It would be easier, if this were
a short story by some masterly
South American writer:
three kids who have been totally
unexposed to scriptures, find this
Bible book, read it as, like, science fiction,
decide to act it out. The master
of short stories would have to
work out the denouement:
did the kids, unobserved, pack up
and return to normal life, but
secretly transformed in inner mind?
Or did one die, as on Hampstead Heath,
the others never let on, and yet
never forget? And later, become…?

Or would a well-scripted film,
like 'Whistle down the Wind', make
a memorable, reasonable reality
of this, subtly balancing
fiction and emotion,
that children and their parents
would go to see together, even
buy the video?

It’s such a private scene, this rehearsal
of the event so hard to imagine,
even if you try; as if you were
on a fast Italian train; saw it flash past
your window; not quite believe your eyes; then already
two kilometres on, wonder if you should have
pulled the communication cord with
that elegant Italian instruction
next to it?

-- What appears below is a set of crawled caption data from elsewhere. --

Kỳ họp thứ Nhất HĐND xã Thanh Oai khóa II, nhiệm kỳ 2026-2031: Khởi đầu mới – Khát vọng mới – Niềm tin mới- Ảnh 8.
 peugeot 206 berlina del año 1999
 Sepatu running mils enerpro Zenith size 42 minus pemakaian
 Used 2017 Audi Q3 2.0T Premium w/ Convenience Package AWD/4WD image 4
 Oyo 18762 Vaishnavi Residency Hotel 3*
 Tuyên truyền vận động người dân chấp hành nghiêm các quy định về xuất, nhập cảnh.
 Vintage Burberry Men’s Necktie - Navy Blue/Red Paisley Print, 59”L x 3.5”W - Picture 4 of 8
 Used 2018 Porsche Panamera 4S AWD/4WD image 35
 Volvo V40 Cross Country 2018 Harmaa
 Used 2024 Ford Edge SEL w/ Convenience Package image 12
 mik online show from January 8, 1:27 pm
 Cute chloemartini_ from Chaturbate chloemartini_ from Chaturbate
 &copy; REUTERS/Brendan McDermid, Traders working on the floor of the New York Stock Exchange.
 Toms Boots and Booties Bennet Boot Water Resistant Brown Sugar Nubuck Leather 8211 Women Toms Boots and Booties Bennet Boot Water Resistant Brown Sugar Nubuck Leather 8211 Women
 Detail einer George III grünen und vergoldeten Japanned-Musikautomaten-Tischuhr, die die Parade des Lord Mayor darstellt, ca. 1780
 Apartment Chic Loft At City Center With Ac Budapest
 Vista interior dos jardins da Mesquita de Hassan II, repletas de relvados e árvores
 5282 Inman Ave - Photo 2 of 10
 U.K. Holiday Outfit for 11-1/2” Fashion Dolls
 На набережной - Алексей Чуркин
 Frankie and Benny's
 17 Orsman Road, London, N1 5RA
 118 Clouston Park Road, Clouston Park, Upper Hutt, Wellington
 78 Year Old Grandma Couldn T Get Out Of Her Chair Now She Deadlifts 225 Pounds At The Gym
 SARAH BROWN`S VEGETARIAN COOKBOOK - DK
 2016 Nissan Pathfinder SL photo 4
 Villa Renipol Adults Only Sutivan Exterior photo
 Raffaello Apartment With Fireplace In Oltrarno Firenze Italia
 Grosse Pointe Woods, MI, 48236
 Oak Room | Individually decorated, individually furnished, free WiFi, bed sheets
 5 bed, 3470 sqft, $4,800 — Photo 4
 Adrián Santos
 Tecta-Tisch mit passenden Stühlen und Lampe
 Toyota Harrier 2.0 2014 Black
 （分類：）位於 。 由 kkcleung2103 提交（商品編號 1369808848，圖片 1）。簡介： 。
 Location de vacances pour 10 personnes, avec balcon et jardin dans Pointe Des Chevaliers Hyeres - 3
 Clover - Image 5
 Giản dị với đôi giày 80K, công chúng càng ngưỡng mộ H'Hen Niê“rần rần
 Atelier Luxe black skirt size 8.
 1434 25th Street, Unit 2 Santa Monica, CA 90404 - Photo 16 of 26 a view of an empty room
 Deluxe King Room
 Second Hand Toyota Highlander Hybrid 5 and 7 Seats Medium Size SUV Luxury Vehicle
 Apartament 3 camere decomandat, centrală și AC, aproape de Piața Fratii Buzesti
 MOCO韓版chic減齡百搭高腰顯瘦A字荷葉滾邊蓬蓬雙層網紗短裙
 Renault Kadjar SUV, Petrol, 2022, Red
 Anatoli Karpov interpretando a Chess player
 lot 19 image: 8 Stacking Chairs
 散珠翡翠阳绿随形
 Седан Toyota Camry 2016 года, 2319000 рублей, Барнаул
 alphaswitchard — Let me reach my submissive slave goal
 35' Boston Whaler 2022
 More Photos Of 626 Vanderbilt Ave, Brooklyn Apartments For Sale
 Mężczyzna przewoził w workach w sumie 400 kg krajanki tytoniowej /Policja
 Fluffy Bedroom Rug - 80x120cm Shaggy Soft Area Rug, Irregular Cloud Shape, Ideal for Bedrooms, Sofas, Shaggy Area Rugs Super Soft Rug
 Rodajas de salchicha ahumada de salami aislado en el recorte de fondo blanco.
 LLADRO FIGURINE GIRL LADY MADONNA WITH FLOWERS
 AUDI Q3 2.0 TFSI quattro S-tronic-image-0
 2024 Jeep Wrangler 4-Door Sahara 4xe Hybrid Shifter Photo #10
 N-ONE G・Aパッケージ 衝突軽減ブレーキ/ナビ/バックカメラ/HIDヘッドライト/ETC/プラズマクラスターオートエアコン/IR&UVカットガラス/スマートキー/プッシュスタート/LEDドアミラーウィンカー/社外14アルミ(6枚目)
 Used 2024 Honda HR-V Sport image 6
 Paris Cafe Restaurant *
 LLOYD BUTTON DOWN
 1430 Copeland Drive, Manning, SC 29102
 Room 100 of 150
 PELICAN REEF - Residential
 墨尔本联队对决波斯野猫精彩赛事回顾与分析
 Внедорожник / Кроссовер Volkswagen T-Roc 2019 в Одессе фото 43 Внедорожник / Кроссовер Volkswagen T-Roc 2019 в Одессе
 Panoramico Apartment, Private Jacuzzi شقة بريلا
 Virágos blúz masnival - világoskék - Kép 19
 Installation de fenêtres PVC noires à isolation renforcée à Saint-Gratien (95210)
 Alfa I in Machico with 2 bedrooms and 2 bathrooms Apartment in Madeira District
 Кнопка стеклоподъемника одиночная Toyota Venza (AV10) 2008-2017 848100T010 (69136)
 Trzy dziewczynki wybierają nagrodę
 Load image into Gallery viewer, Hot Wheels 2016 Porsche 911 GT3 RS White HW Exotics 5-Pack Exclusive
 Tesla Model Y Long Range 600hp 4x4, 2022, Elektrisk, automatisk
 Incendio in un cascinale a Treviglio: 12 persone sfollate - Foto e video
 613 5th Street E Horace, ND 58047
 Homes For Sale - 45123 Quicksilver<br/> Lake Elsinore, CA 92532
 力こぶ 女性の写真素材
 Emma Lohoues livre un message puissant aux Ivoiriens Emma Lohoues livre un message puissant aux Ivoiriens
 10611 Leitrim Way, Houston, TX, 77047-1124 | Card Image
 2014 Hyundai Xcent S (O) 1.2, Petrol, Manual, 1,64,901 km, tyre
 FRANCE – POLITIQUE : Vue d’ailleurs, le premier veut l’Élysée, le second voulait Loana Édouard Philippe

Or try to tell the guard
in your halting Italian, that you’d seen
the Crucifixion back there…he’s Catholic,
you’re crazy English…yet, it happens..
‘miraculo… miraculo…! ’ the train’s
many kilometres down the line by now;
the kids have maybe had enough to
last them a lifetime.. packed up, gone home..so
some kinda joke, Protestant English
taking the mickey out of
Catholic superstitious visions? Best say nothing,
it’ll work itself out in God’s good time
so to speak

We’re sensible, down to earth people –
A prosaic answer, perhaps? Like,
this is a record of the moment in art
when rumours of the delicate
realism of that strange but skilful, detailed Flemish art
hit the idealist Italian scene, by
secondhand account? ‘Yes,
they paint very carefully, real
young people in a real landscape,
acting out the greatest dramas –
you should try it…’

Or perhaps some quietly, intensely
devout patron might have said,
I'd like a small Crucifixion scene to take
around with me, or have upon the table
in front of me to inspire my poetry;
no need for dramatics, nor for labouring the point;
just paint the scene; take my own children
as the models; that will touch me more...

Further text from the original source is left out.